La agenda que Chávez Sánchez llevó a cabo resultó incómoda para varios actores, pero sin duda mejoró el nivel académico. La exigencia hacia alumnos y catedráticos se incrementó, se opuso a la implementación del pase automático, a la vez que a las tentativas de universidades extranjeras por abrirse espacios en nuestro país. No se puede entender la grandeza de esta gestión desde la mera innovación técnica. Se trataba de un programa humanista, donde la ciencia era correspondida con la vocación social:

“Veo la universidad de mañana no como una fábrica de profesionales y de técnicos para sostener la maquinaria que fabrica riqueza, no para dar forzados a la sociedad de consumo. La concibo como un gran laboratorio de hombres, con toda la dignidad del término; capacitados, sí, para el trabajo técnico, pero también para el cultivo del espíritu, imbuidos del respeto a la verdad y a la justicia, noblemente dispuestos a brindar ayuda, hombres en quienes la formación intelectual se equipara con la sólida vertebración moral y la conciencia clara de sus deberes sociales”.

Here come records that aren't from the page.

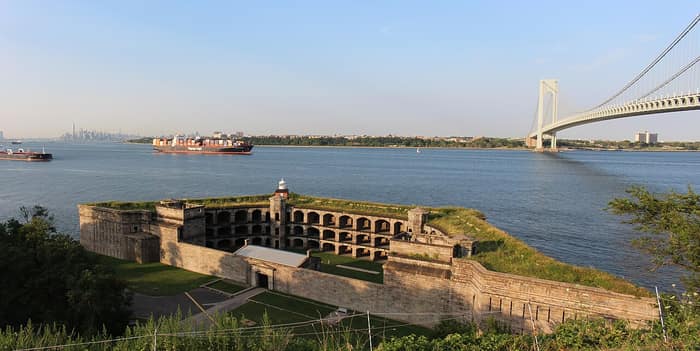 Granite and brick walls of Battery Weed, seen from the outside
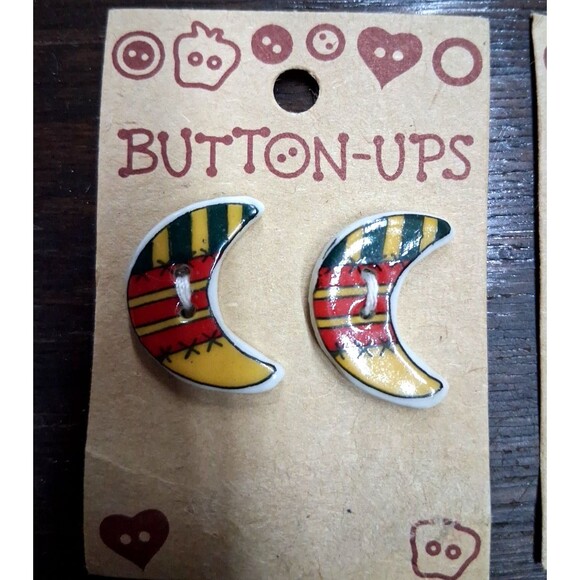 NEW Vintage Lot of 12 Ceramic Sewing Themed Buttons Westrim Crafts "Button-Ups" - Picture 3 of 8
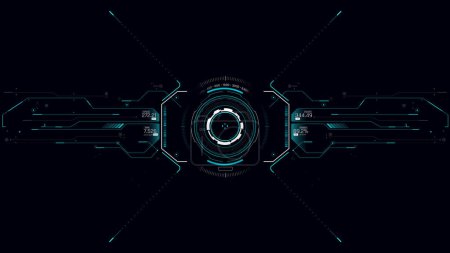 Illustration for Target HUD for the game screen, Futuristic design elements. HUD focus elements. Sci-fi design. FUI collection, Military collimator sight, Vector HUD set - Royalty Free Image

En un discurso incendiario, claramente dirigido a los sectores politizados del estudiantado, demostró que podía hablar en sus términos con alta lucidez. Su reforma al plan de estudios buscaba romper con complacencias, estableciendo estándares de evaluación insólitos:

“No sólo se permite, sino que se incita a los alumnos a asomarse con interés al mundo que los rodea y a interesarse por la política, ya que eso forma parte de su formación de hombres. Interesarse, sí; pero no para suplantar el estudio con la actividad política, que debe ser el complemento, si se quiere, del proceso educativo, no la actividad dominante en la vida escolar. La palabra ‘aprender’, enseñó Lenin, es la palabra clave de los deberes del estudiante. Y Mao Tse Tung reclamó a los alumnos: ‘su fervor revolucionario no nos compensa de su incompetencia técnica’”.

El gran proyecto del rector consistió en que, ante la ideología o el pragmatismo vulgar, triunfara una vocación universitaria contraria a la mediocridad:

“Queremos que cada alumno sea rebelde a todo dogmatismo, pero respetuoso de toda superioridad en el talento o en el saber; ávido de adueñarse del futuro que es suyo, pero sin el morbo fatal del arribismo”.

Las ambiciones de Chávez Sánchez por elevar a la UNAM enojaron a personajes tanto de la izquierda como en la derecha, pero, sobre todo, molestarían al recién electo presidente Gustavo Díaz Ordaz. La autonomía universitaria estaba en entredicho.